**YOUR ASSIGNMENT**
Transcribe each line below verbatim; pictures excluded.

**DATA SECTION**
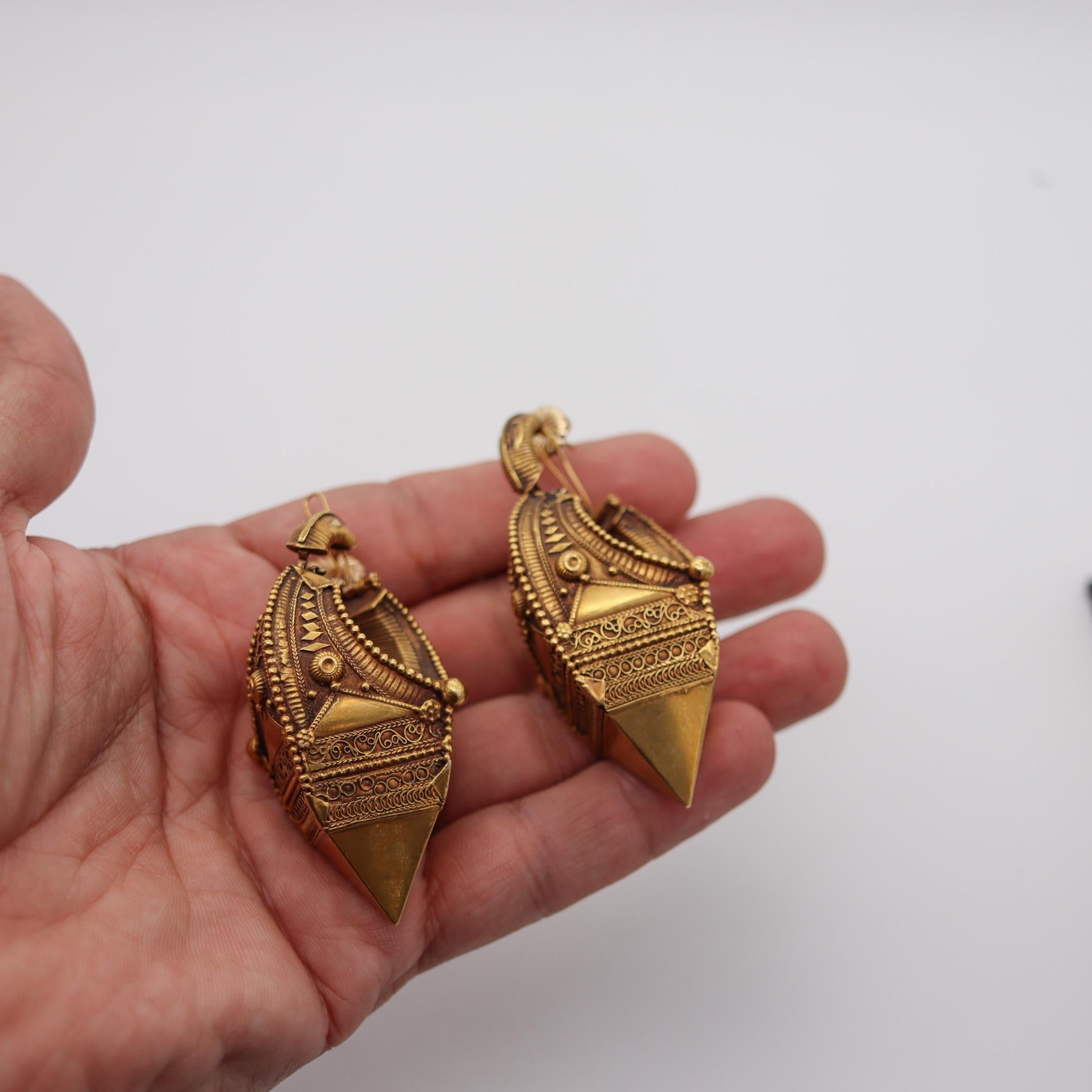 Southern India 19th Century Antique Dangle Drop Earrings In 22Kt Yellow Gold 1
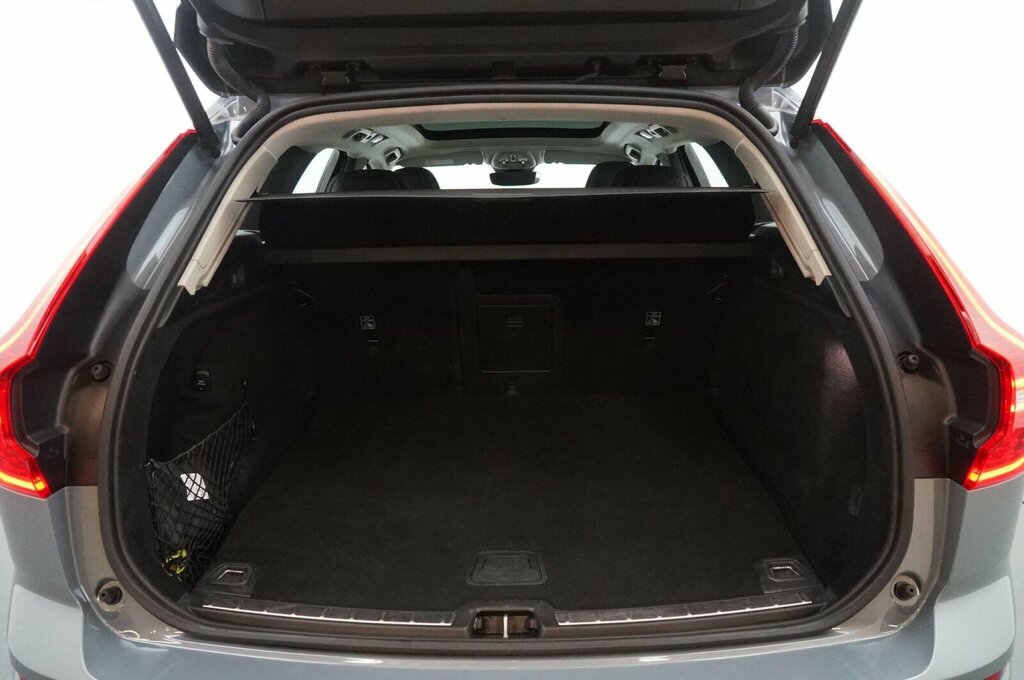Volvo XC60 Ultimate Black #26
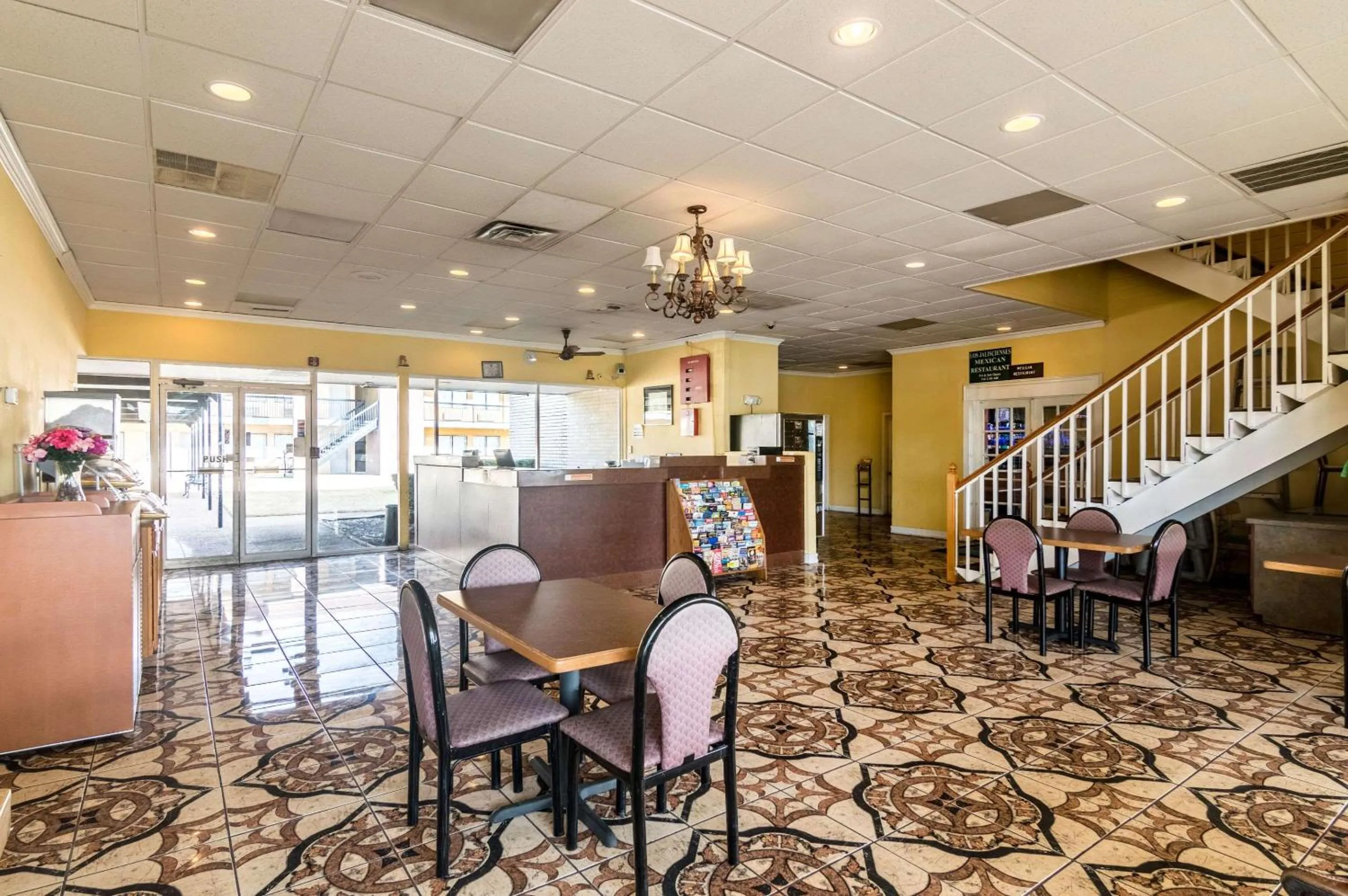 Restaurant/places to eat in Rodeway Inn Arlington Entertainment District Area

**ANSWER SECTION**
 Southern India 19th Century Antique Dangle Drop Earrings In 22Kt Yellow Gold 1
Volvo XC60 Ultimate Black #26
 Restaurant/places to eat in Rodeway Inn Arlington Entertainment District Area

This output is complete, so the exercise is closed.